**TASK DESCRIPTION**: Repeat the lines of the data exactly and exclude any picture among them.

**MATERIAL PROVIDED**:
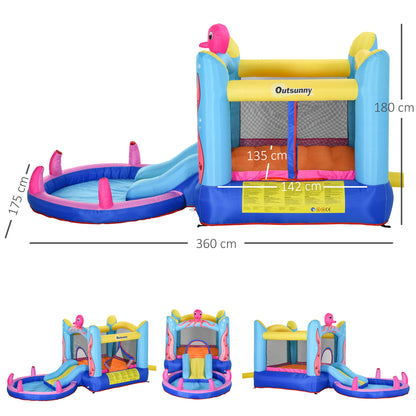 Outsunny Castillo Hinchable Para Niños Con Piscina 360x175x180 Cm Multicolor_2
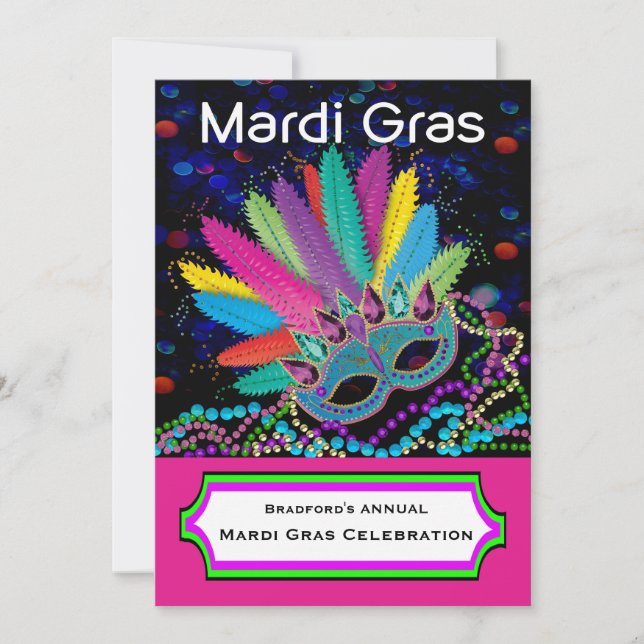 Invitación MARDI GRAS Celebración, Máscara, cuentas, colorido (Anverso)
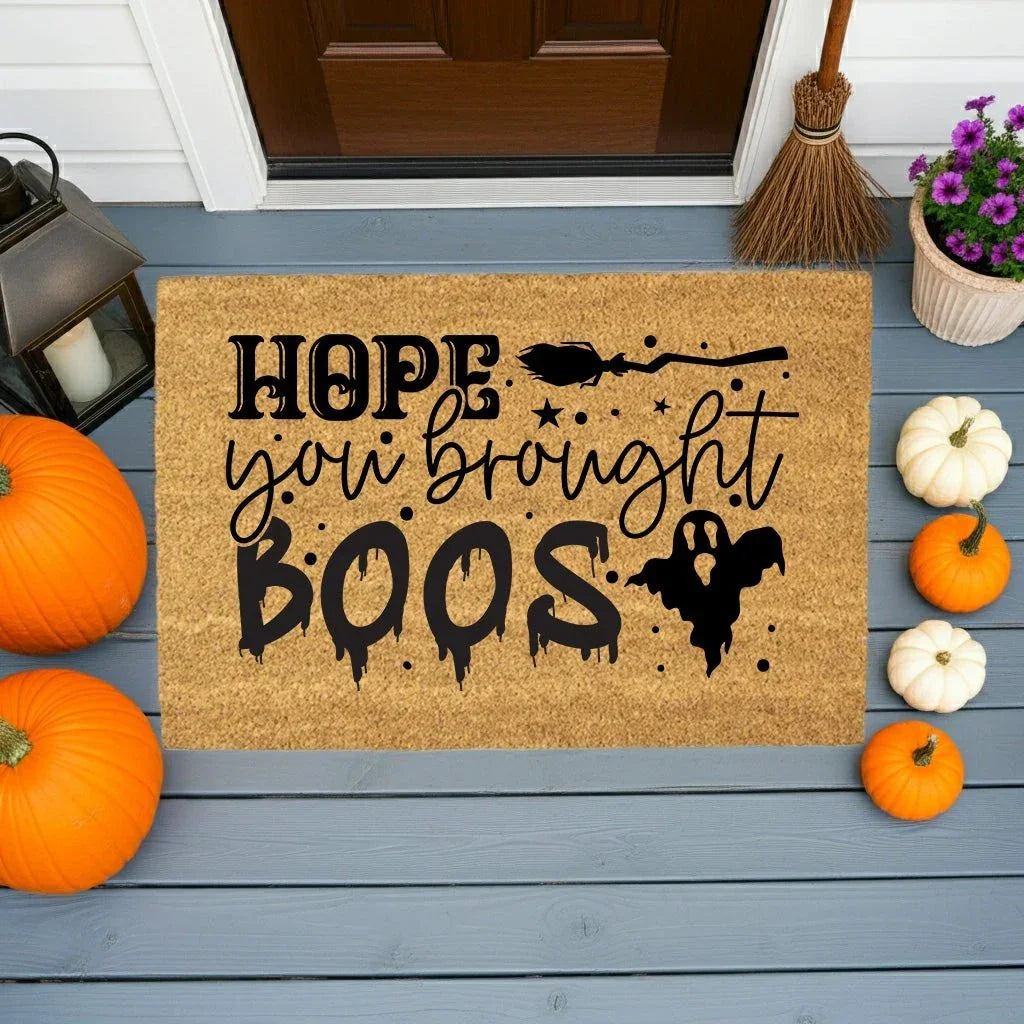 Hope You Brought Boos Halloween Coir Doormat – Funny Ghost and Witch Themed Entryway Mat | Spooky Front Porch Decor | Trick or Treat Welcome Mat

**EXERCISE SOLUTION**:
 Outsunny Castillo Hinchable Para Niños Con Piscina 360x175x180 Cm Multicolor_2
 Invitación MARDI GRAS Celebración, Máscara, cuentas, colorido (Anverso)
 Hope You Brought Boos Halloween Coir Doormat – Funny Ghost and Witch Themed Entryway Mat | Spooky Front Porch Decor | Trick or Treat Welcome Mat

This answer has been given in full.